A good start for a Monday: I have located our polling place (a little Lutheran church that has hosted voting several times in recent years) and re-reviewed the (few) primary choices. Indiana runs closed primaries, but neither party fielded a whole lot of candidates; the Democrats managed a full slate, while the Republicans skipped a few offices, but neither one offered more than one choice for many offices.
Most of them are unglamorous jobs, like county assessor and clerk of the courts, where there's a lot of actual work and not much shaking hands and making speeches. Only a few are even useful stepping stones to anything bigger; so what you end up with are people who want the job, either in and of itself or to show they're good members of their party, willing to step up, run, and (usually) do the work if they win.
Someone's got to do the dull grunt work of government, and I have made my list and checked it more than twice. I'm going to be interested in turnout numbers; it's not a great predictive metric for the general election this Fall, but it's what we've got. If turnout for the primary is usually high (or low), that'll be a hint what to expect.
Update
1 year ago

4 comments:
I have a friend who's one of the leading caterers in my hometown, so she's the person I ask about the character of the different candidates.
How a person treats the help is a better test of actual character than any ad or statement.
I'm fortunate to live literally across the street from my polling place. I do need to spend a little more time actually looking at who will be on my ballot, although as long as the Dems don't put up candidates that appear to be Mephistopheles (unlikely, since the other guys already have the Devil Incarnate in charge), I'll be voting that way. There are planks in the platforms of both parties I don't agree with, but one party supports Trump, so I will go elsewhere.
I'm mostly done with my biggest election chore...setting up races in our election display software and making sure the AP Election Wire will fill in the data. It's a highly automated task compared to days of old, but still fiddly and detail-oriented, which is why I've been stuck with it for most of my 32 years in TV and 10 years in radio before that.
That is indeed a very good test.
I used to live across the street from the man who was the elected Constable of the County Courts.
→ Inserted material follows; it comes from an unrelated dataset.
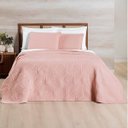 Ver imagem 2 de Kit Cobre Leito Colcha Arcos Queen Dupla Face Matelado 200 Fios 3 Peças Rosa - 100% Poliéster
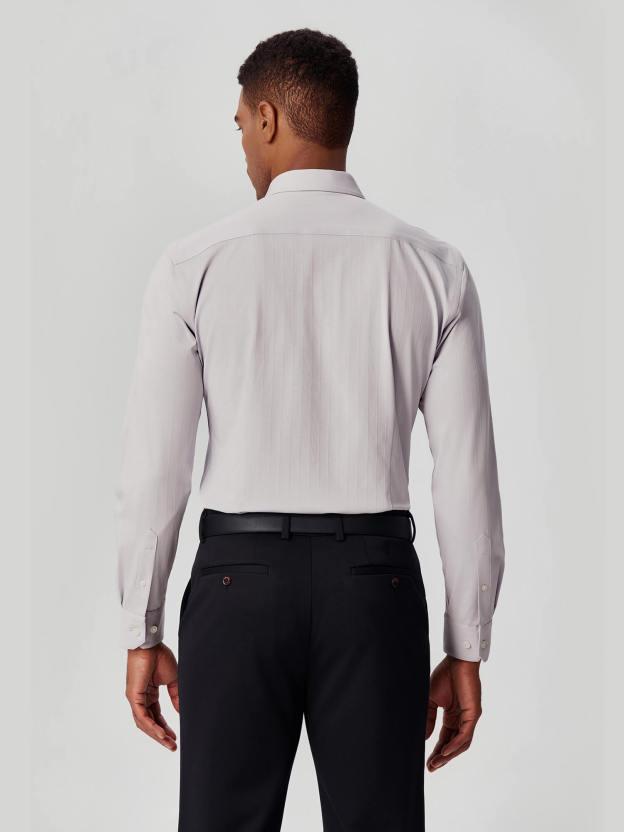 Non-Iron Gray Striped Stretch Shirt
He was not affiliated with a party I usually voted for, but I knew him to be a decent, quiet, friendly, apparently hardworking guy, who kept his yard mowed and neat, and was kind to animals. I voted for him every year he ran.
We have a pretty standardized corporate solution to track and display voting as results are released, but it's still fiddly, and the online Technology meeting yesterday included the usual reminder that when testing the system, we must be certain the test does not go out on air or online.